Combined Experimental and Theoretical Approach to the Kinetics of Magnetite Crystal Growth from Primary Particles.

It is now recognized that nucleation and growth of crystals can occur not only by the addition of solvated ions but also by accretion of nanoparticles, in a process called nonclassical crystallization. The theoretical framework of such processes has only started to be described, partly due to the lack of kinetic or thermodynamic data. Here, we study the growth of magnetite nanoparticles from primary particles-nanometer-sized amorphous iron-rich precursors-in aqueous solution at different temperatures. We propose a theoretical framework to describe the growth of the nanoparticles and model both a diffusion-limited and a reaction-limited pathway to determine which of these best describes the rate-limiting step of the process. We show that, based on the measured iron concentration and the related calculated concentration of primary particles at the steady state, magnetite growth is likely a reaction-limited process, and within the framework of our model, we propose a phase diagram to summarize the observations.
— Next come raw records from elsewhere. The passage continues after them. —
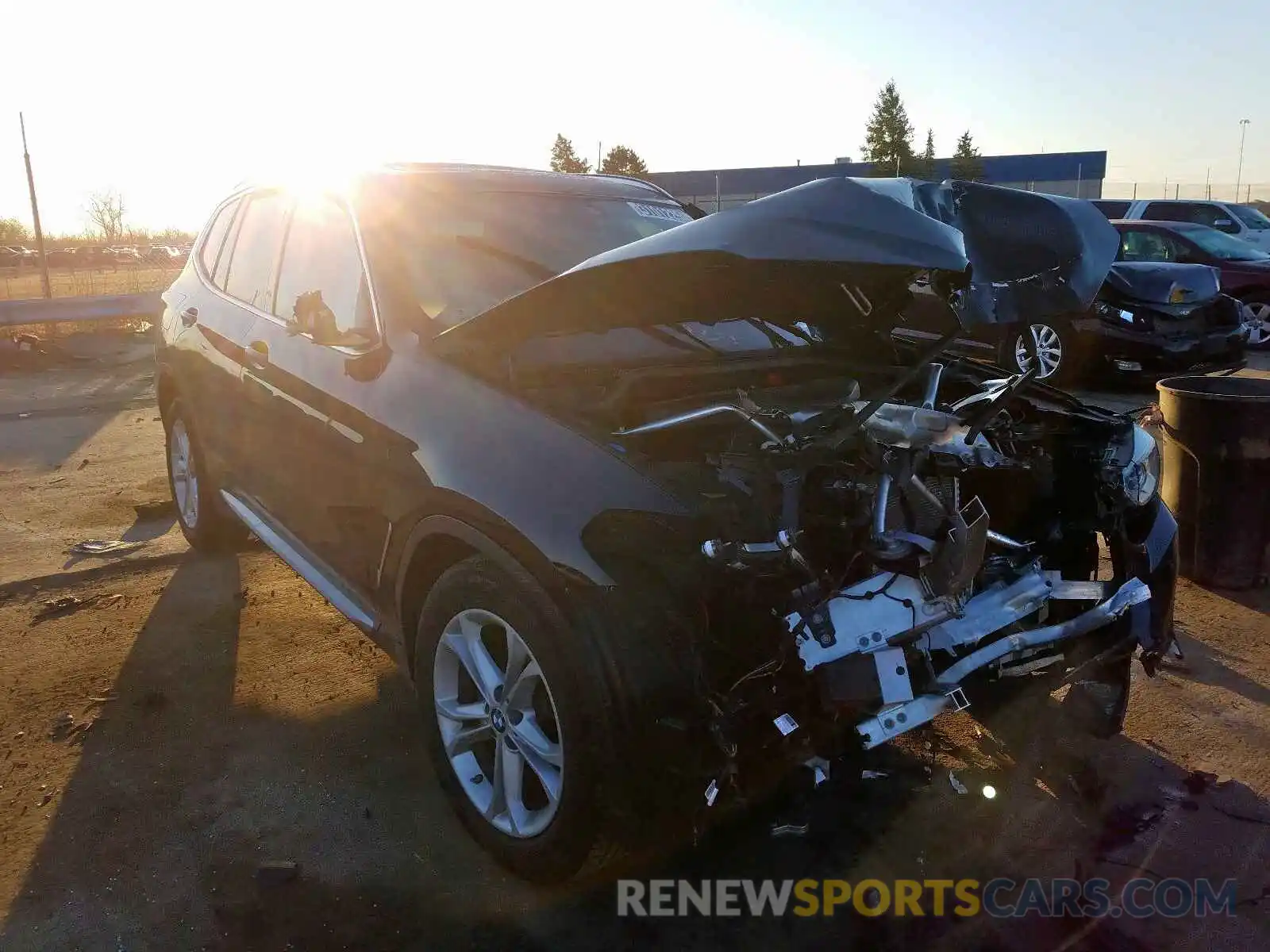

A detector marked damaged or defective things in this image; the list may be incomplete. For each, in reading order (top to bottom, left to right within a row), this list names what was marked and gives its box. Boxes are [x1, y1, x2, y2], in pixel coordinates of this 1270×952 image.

crumpled hood [438, 175, 1124, 354]
crumpled hood [1105, 259, 1226, 306]
broken headlight assembly [1124, 425, 1162, 505]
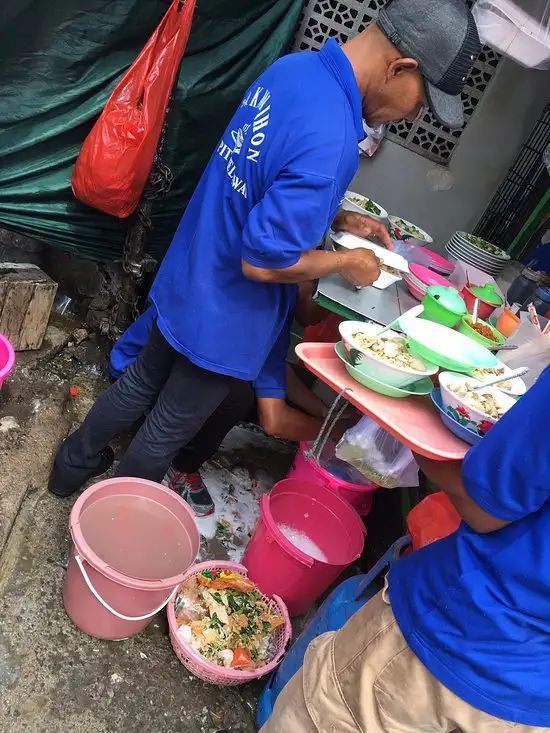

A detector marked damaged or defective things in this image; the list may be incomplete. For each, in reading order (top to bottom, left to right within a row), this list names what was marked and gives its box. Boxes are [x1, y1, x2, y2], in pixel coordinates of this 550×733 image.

cracked concrete floor [0, 318, 298, 732]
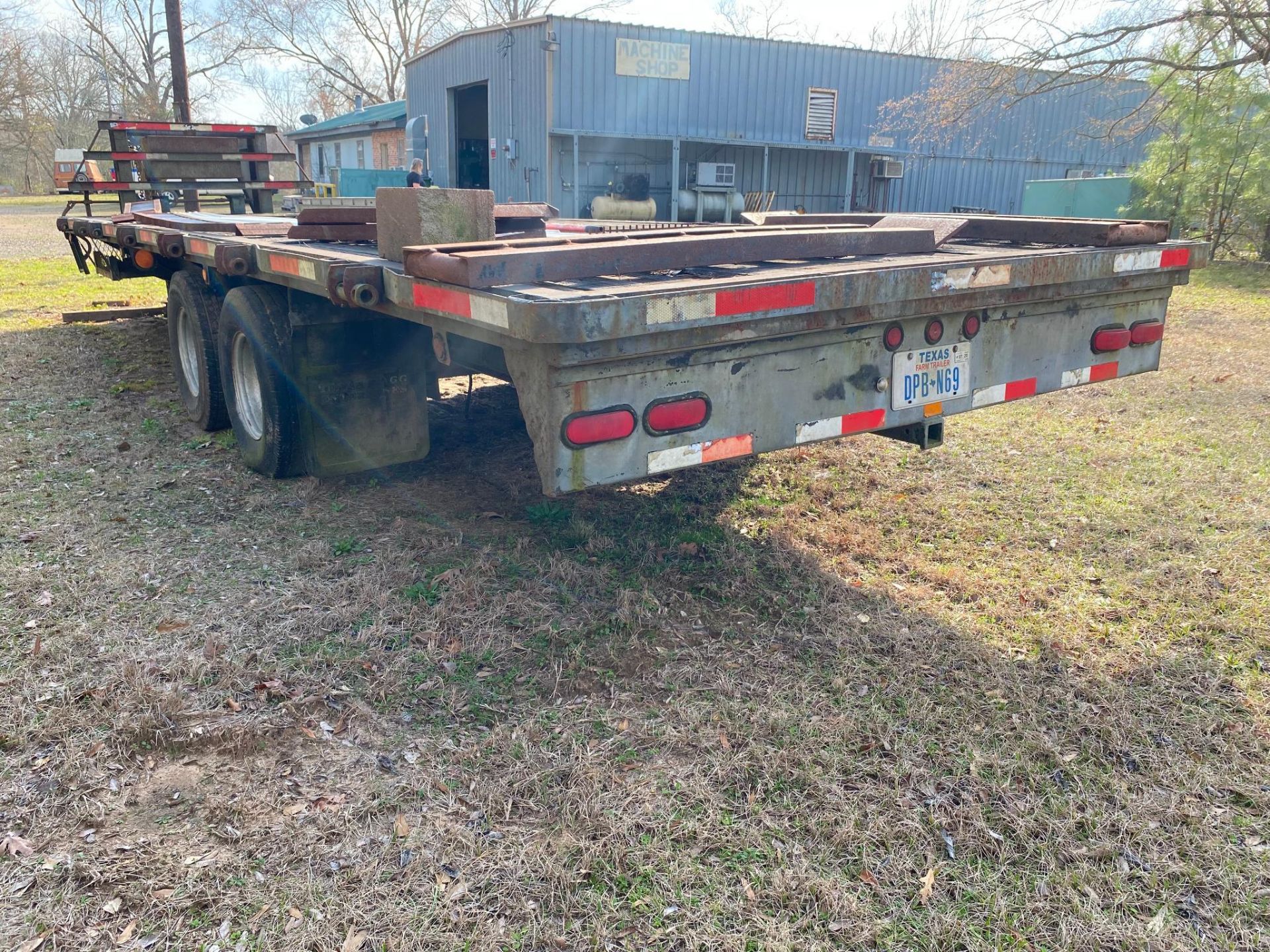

Crystallization is a fundamental process, which plays a key role in both natural and artificial phenomena. Natural examples encompass, for example, mineral formation in geological settings,[1] snowflakes,[2] or biomineral formation by organisms.[3,4] In turn and just to name a few, synthetic processes of crystallization range from single-crystal breeding[5] to materials production for electronics[6] or thin films.[7] Processes behind crystal nucleation and growth have been investigated experimentally[8,9] as well as theoretically.[10−12] However, the exact mechanisms associated with crystallization have often remained unclear, specifically in the case of aqueous processes. The classical nucleation theory[13] considers crystals being formed from single ions or molecules and was successfully utilized to describe crystallization for many years. Recent studies showed, however, strong evidence for alternative, so-called nonclassical nucleation routes.[14] These include the aggregation of ion-association complexes (calcium phosphate[15]), clusters (calcium carbonate[16]), or primary particles (PPs) (iron oxides[17]). The theoretical framework in which such processes take place has started to emerge.[18,19] For example, classical nucleation theory has been amended to take into account the presence of this nanoparticulate matter in the prenucleation stage of magnetite formation.[17]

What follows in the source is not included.